25 spannenden Workshops, von denen ich eigentlich keinen verpassen möchte, füllen die Tage. Ich erlebe jedes Mal aufs Neue fantastische Referenten, die uns von ihnen und von uns selbst lernen lassen. Der Austausch ist besonders, das Miteinander offen und ehrlich. In den verschiedenen Konstellationen entsteht wiederholt innerhalb kurzer Zeit eine Intimität, für die man in anderen Kontexten Wochen braucht. Das Miteinander ist auf Vertrauen gebaut.

Ich selbst konnte (leider nur) vier Workshops selbst miterleben. (Ein kurzer Bericht zu jedem davon ist weiter unten zu finden.)

Über die Workshops hinaus, gibt es für jeden von uns Besuchern noch die Möglichkeit im „Open Space“ Diskussionen, Aktivitäten und Workshops anzubieten. Beispiele dafür (leider habe ich nicht an allzu vielen teilnehmen können, da mir die Entspannung zwischendurch auch sehr wichtig war): Massagen, Lachyoga oder auch eine rege Diskussion darüber, wie das Utopival noch anders gestaltet werden kann, damit z.B. das Orga-Team noch mehr entlastet wird. All das geschieht auch in einem sehr liebevollen und sensiblen Umgang.
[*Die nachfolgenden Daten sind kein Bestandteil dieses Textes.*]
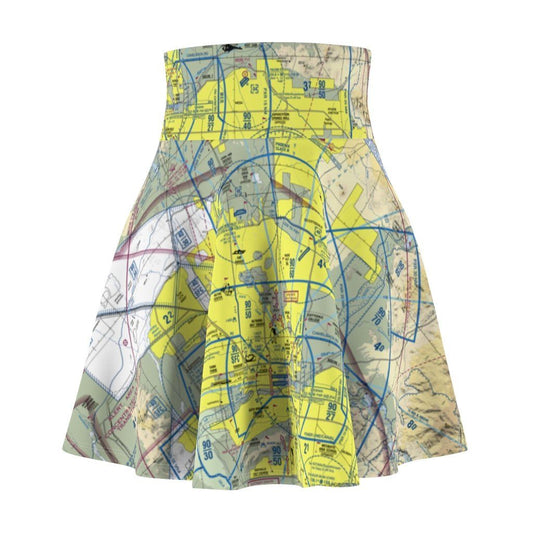 Phoenix Terminal Chart | Women's Skirt All Over Prints 2XL for women in aviation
Ein ganz besonderer Morgen ist der Donnerstag. Es liegen schon drei Tage voller Austausch, Lachen und Singen hinter uns, doch nun schweigen wir. Nehmen uns anders wahr. Nehmen unsere Umgebung anders wahr. Nehmen das Essen anders wahr. Es ändert sich etwas. Nicht nur unsere Ohren entspannen sich, alles entspannt sich. Eine Besonnenheit breitet sich über uns essenden Menschen aus, als wäre dadurch ein neues Level an Genuss erreicht. Wir essen langsamer. Kommunizieren mit Lächeln und Blicken. Oder genießen all das, was wir nun plötzlich empfinden mit uns selbst. Eine wundervolle Erfahrung, dies zeitgleich mit so vielen Menschen zu teilen und ihnen dabei zuzusehen, wie sich ein Genuss der Stille ausbreitet.

Später tauschen wir uns in großer Runde noch aus, wie wir das hier Erlernte und Erlebte mit in unseren Alltag tragen können: welche Projekte gibt es schon, welche können wir gemeinsam im nun entstandenen Netzwerk beginnen? Wo können wir zusammenarbeiten? Von anderen lernen, uns gegenseitig unterstützen? Die Ideen sind groß, die Ideen sind verträumt. Und sie machen Lust, weiterzumachen dort, wo wir in diesen Tagen angefangen haben.

Trotz all den Eindrücken, den Angeboten und ernsten Themen, habe ich viele Momente voller Freude und Lachen erleben dürfen. Ich habe den ehrlichen und offenen Austausch genauso geschätzt, wie die Möglichkeit, in meiner positiven Einsamkeit darüber zu reflektieren.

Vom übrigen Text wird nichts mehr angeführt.